# Problem to work on
What you return must be exactly the lines running from the one with "Black Tourmaline Gem" to the end of the data below, inclusive, and nothing more.

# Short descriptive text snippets
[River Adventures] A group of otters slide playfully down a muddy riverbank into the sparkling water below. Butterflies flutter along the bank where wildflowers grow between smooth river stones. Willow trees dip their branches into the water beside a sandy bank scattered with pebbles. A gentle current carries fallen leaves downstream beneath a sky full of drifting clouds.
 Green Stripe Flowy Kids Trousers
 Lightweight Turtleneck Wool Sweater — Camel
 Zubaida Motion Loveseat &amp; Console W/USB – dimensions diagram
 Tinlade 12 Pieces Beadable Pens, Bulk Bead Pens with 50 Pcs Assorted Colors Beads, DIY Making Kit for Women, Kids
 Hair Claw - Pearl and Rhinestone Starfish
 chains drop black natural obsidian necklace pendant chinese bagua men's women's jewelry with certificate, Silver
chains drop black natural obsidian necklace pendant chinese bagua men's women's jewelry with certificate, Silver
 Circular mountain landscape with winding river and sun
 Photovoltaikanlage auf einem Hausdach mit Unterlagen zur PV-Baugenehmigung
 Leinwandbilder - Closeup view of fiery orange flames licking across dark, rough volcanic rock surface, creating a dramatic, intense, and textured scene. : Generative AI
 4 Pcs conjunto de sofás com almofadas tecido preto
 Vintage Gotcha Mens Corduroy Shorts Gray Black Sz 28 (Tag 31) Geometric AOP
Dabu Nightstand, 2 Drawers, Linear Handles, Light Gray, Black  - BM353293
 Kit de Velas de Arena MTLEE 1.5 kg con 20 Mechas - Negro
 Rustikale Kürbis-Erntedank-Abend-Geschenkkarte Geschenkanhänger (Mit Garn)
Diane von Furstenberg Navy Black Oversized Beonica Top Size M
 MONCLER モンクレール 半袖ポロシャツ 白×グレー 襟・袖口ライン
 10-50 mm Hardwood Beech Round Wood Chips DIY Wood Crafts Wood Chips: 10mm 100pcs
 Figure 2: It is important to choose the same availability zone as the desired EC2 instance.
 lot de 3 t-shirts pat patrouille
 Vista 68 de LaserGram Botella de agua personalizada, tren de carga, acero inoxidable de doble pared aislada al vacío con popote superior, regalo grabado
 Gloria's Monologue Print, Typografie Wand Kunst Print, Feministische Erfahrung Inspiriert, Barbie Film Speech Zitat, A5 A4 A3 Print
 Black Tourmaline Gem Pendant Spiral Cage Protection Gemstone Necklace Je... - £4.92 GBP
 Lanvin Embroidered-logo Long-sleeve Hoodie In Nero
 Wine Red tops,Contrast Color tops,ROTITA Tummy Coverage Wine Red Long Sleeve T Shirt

# Reply
 Black Tourmaline Gem Pendant Spiral Cage Protection Gemstone Necklace Je... - £4.92 GBP
 Lanvin Embroidered-logo Long-sleeve Hoodie In Nero
 Wine Red tops,Contrast Color tops,ROTITA Tummy Coverage Wine Red Long Sleeve T Shirt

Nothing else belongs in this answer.